Feature B depends on feature A, but you don't need B to understand A. Why wouldn't you create separate PRs?? It is faster to review and deploy.

	▲	fmbb 7 hours ago \| parent [-]
		Of course you would create separate PRs. Why would you waste time faffing about building B on top of a fantasy version of A? Your time is probably better spent reviewing your colleague’s feature X so they can look at your A.

▲

charcircuit 8 hours ago | parent | prev [-]
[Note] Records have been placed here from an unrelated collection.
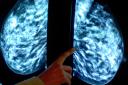 A new device being developed by scientists could help monitor the growth of breast cancer tumours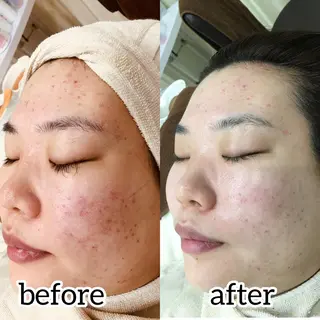 laluna saki...のその他イメージ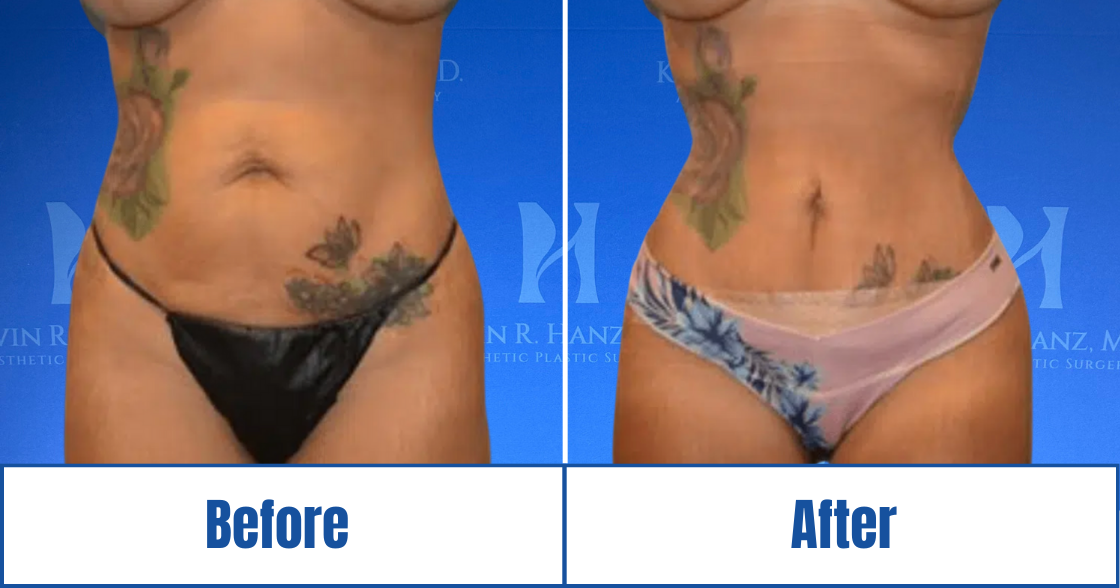 detailed face lift before and after photos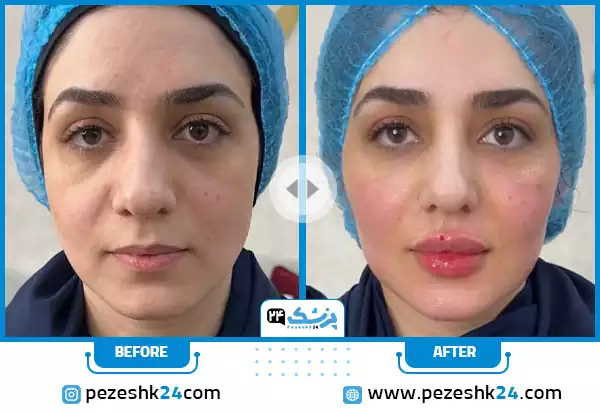نمونه کار فیلر لب و فیلر زاویه سازی صورت در کلینیک ستارگان میرداماد تهران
>If you reject change A and approve change B, nothing can merge

The feature is also half done in this case. The author can fix up the concerns the reviewer had in A and then both can be merged at the same time.

	▲	ninkendo an hour ago \| parent [-]
		Couldn’t they do that in one PR? Seriously, couldn’t you just say “hey Alice, could you review the A parts of this PR” and “hey Bob, could you review the B parts”, then only merge once both of them approve? Even GitHub, for all its faults, supports code owners files, such that this can even be policy.